BEREA, Ohio -- The Cleveland Browns are a comeback story, and that's why HBO and NFL Films wanted them on "Hard Knocks" this season.
"We tell our kids that it's not about how you get knocked down, it's how you get back up," vice president of NFL Films Ken Rodgers said Wednesday.
After a winless 2017 season and one win the past two seasons, the Browns have a long way to go to get back up. But it's that element of the story that was appealing to making the Browns the subject of the annual training camp documentary.
"It's an underdog story right now," said Peter Nelson, the executive vice president of HBO Sports. "People love rooting for underdogs."
Rodgers said he had been in contact with the Browns for several months about being on the show, including before the start of free agency and the draft. Though the presence of first overall pick Baker Mayfield may provide a story line, Rodgers said the time seemed right for the Browns before Mayfield was drafted.
As the two spoke about how excited they are to put the Browns on the air, coach Hue Jackson and general manager John Dorsey sat alongside them explaining how they did not believe the show would be a distraction.
In the spring, Dorsey said nothing good could come from being on "Hard Knocks." On Wednesday, he had softened his stance, based on three factors: the strength of character from new veterans in the locker room, the strength of the coaching staff's voice, and what Dorsey called the "quality work done by NFL Films."
"I'm comfortable with where we are," Dorsey said. "I understand the direction of our team is in the right frame of mind. But you know the one thing that I find very appealing is it now gives the fans a chance to see how passionate people are within this organization about the 2018 season."
Jackson has been involved in "Hard Knocks"; he was the offensive coordinator of the Bengals when the team was featured in 2013.
"This is just going to be a tool for all involved," Jackson said. "Another opportunity for people to truly see what we do on an everyday basis and really be able to see the behind-the-scenes work that goes on here. Nothing more, nothing less with our football team."
Jackson said he saw no reason to believe that any focus on Mayfield would add to the quarterback drama that has gone on for so long in Cleveland, especially in training camp.
"Tyrod [Taylor] is our starting quarterback," Jackson said. "Baker's our No. 1 pick. He's our quarterback of the future. I've said that since this happened. I don't think that will change. I want those guys to be exposed for what they do, because I think our fans want to know them and what makes them tick. But at the same time, I don't think it should put any more pressure on what we need to do as a football team about who's playing quarterback for us."
The show will debut on Aug. 7 at 10 p.m. ET, with episodes airing each of the next four Tuesdays. Rodgers said that 400 hours of behind-the-scenes footage is shot for each episode, with 25 producers at NFL Films headquarters reviewing all footage to decide what will be shown.

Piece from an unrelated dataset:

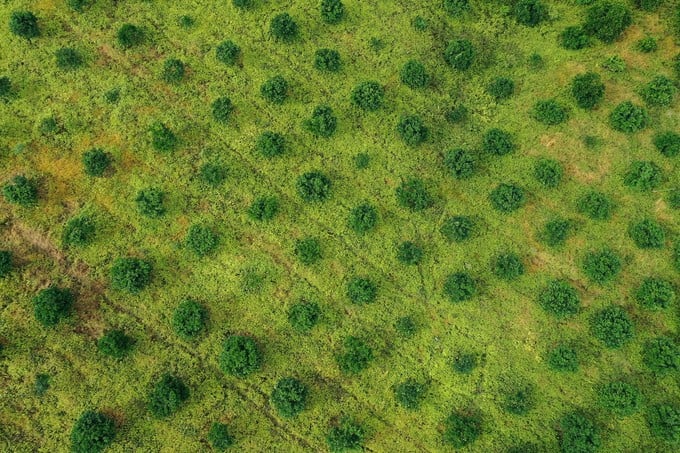 The methodical and organized longan area of Song Ma district, Son La. Photo: Tung Dinh.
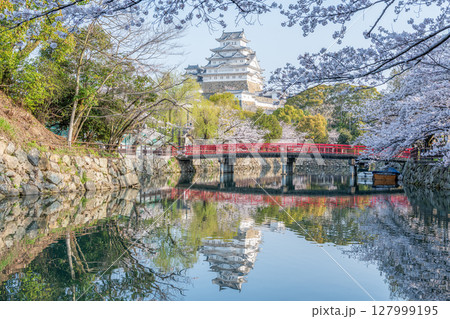 兵庫県姫路市　城見橋と桜に彩られた春の国宝姫路城天守 127999195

The Browns do not have any editorial control over storylines or how they are presented. However, Jackson and Dorsey will be able to watch the show in advance to ensure nothing of a competitive nature is revealed.
Jackson wagged his finger at one possible clip being included in the show: That would be when he jumps in Lake Erie on June 1 to fulfill his pledge that he would swim in the lake if the Browns were worse in 2017 than they were in 2016.

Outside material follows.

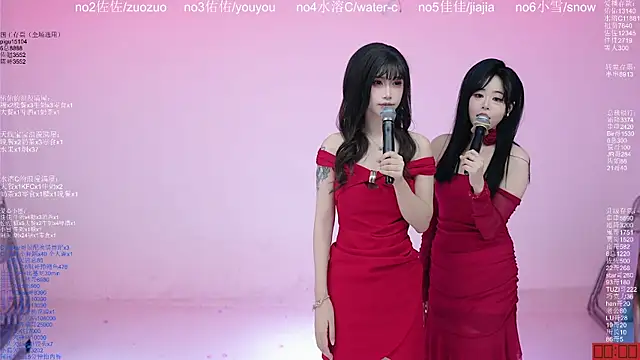 Show Webcam de ATY1314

Rodgers said the lake jump might be dated by the time the show is produced. Events of camp dictate the storyline, and the show is produced immediately. That means by the time a practice ends, a producer in New Jersey will have already reviewed footage from the beginning of practice.
Because of the focus on immediacy and the live storylines, anything that happens leading up to camp is old news by the time camp starts, Rodgers said.